Architecture
How the Nomad Media platform is architected on AWS.
Architecture
API Structure
The Nomad Media API is built on AWS API Gateway and consists of two distinct APIs:
- Admin API — Full administrative functionality: asset management, user management, configuration, processing jobs, and all write operations. Requires admin-level credentials.
- Portal API — Public-facing functionality for the Content Portal and the Virtual Experience Platform (VEP). Used for search, asset retrieval, streaming, and end-user operations.
Both APIs use bearer token authentication. See Authentication for details on obtaining tokens.
API Base URLs
Your environment's base URLs are provided during onboarding.

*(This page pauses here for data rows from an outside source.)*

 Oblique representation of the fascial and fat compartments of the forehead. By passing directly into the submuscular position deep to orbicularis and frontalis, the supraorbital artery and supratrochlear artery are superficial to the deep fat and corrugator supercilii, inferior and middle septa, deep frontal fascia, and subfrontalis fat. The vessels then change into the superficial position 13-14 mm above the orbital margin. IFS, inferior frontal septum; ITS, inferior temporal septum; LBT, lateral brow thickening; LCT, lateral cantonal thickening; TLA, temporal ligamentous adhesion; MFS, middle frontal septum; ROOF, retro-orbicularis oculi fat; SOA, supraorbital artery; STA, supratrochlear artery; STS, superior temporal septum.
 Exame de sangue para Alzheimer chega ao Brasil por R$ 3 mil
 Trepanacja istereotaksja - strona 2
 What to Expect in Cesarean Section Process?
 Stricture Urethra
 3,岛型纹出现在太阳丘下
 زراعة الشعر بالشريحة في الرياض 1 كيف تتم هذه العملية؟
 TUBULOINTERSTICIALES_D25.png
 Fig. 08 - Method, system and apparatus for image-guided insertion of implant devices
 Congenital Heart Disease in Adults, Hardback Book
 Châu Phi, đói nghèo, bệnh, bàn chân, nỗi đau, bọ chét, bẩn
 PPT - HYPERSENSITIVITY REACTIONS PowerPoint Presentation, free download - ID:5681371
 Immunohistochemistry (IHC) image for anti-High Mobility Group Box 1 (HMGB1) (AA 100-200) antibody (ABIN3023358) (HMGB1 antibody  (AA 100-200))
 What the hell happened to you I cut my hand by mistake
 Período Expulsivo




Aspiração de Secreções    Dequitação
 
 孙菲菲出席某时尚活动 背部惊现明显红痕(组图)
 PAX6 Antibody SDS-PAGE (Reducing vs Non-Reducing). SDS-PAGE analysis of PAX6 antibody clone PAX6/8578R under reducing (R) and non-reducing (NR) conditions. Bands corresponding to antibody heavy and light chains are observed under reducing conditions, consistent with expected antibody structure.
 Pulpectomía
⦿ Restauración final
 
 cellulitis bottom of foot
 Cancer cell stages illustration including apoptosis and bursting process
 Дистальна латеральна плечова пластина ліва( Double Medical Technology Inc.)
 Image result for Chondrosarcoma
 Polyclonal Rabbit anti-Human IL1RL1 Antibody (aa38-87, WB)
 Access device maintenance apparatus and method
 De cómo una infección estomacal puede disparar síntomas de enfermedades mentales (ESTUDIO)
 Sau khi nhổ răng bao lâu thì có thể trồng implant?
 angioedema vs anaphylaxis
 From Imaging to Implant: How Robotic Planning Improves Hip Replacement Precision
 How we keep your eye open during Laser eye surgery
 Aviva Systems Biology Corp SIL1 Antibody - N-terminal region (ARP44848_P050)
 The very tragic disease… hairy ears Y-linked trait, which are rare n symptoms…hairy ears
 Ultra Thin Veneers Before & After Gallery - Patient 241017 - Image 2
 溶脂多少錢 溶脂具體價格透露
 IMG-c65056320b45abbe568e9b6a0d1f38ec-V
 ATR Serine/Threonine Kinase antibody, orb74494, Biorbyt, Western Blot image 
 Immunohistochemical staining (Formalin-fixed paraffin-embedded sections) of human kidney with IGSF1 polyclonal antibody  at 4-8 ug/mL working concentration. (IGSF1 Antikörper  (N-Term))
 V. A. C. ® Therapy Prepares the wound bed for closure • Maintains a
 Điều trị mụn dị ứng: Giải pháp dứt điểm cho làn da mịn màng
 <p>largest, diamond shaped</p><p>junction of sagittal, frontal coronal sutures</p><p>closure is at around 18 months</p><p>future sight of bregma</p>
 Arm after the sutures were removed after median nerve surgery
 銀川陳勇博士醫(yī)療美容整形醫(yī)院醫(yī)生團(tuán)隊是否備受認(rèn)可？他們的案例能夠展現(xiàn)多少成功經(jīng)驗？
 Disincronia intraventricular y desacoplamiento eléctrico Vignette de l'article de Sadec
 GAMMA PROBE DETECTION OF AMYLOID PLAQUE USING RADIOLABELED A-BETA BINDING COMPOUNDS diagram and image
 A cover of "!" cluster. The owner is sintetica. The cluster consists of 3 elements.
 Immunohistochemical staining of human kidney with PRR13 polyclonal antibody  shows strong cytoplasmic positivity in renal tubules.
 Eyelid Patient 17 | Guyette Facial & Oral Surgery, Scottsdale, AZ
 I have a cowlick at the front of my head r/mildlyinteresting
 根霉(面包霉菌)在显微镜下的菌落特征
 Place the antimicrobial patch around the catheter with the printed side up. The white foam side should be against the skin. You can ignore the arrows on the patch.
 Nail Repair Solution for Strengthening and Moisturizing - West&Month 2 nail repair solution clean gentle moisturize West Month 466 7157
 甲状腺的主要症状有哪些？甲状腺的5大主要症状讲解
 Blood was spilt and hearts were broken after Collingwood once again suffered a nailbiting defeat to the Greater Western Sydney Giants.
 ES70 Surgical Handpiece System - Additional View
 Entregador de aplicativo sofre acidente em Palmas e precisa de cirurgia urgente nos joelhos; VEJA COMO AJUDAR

They follow a consistent naming pattern:
- Admin API:
https://admin-app.{CLIENT_DOMAIN}/api - Portal API:
https://portal.{CLIENT_DOMAIN}/api
Diagnostics
Diagnostics logging can be enabled on the API by setting the following environment variable on the appropriate Lambda function:
debug = true
This enables verbose logging in CloudWatch for that Lambda, useful during development and troubleshooting.
Infrastructure Overview
The Nomad Media platform runs entirely on AWS. Key infrastructure components include:
| Component | Purpose |
|---|---|
| API Gateway | HTTP routing for Admin and Portal APIs |
| Lambda | Serverless compute for API handlers, processors, and background workers |
| DynamoDB | Asset registry and transactional data storage |
| S3 | Primary media and metadata storage with versioning enabled |
| CloudFront | CDN for media delivery with optional signed cookies for secure access |
| EventBridge | Event bus for Nomad Media events (asset changes, processing completions) |
| SQS | Message queue for decoupled background processing |
| Secrets Manager | Secure credential storage for integrations |
| CloudWatch | Logging and monitoring for all Lambda functions |
| CloudTrail | AWS-level audit trail |
Logging and Auditing
Nomad Media uses several mechanisms for monitoring, auditing, and debugging:
CloudTrail
CloudTrail is enabled for all AWS API activity within the Nomad Media account. It provides a complete audit trail of infrastructure-level operations.
CloudWatch
Each Lambda function writes to its own CloudWatch log group. The most important log groups for monitoring user activity are:
| Log Group | Purpose |
|---|---|
web-api-portal-mainEntryPoint | All Portal API requests — logins, searches, asset reads |
web-api-admin-mainEntryPoint | All Admin API requests — logins, updates, config changes |
prc-ProcessImageFunction | Image analysis and AI processing |
prc-LargeActionFunction and prc-ActionFunction | Primary back-end worker logs — asset processing, integrations |
prcAssetRegisterFunction | S3 event handler — new assets, deletions, Glacier state changes |
Log groups follow the naming pattern: /aws/lambda/nomad-{name}-prc-{type} and /aws/lambda/nomad-{name}-web-api-{type}-mainEntryPoint.
DynamoDB History Table
Transactional data and the asset registry are stored in DynamoDB. The history table is the primary audit log:
- One record per asset or content record update (Add, Change, Delete)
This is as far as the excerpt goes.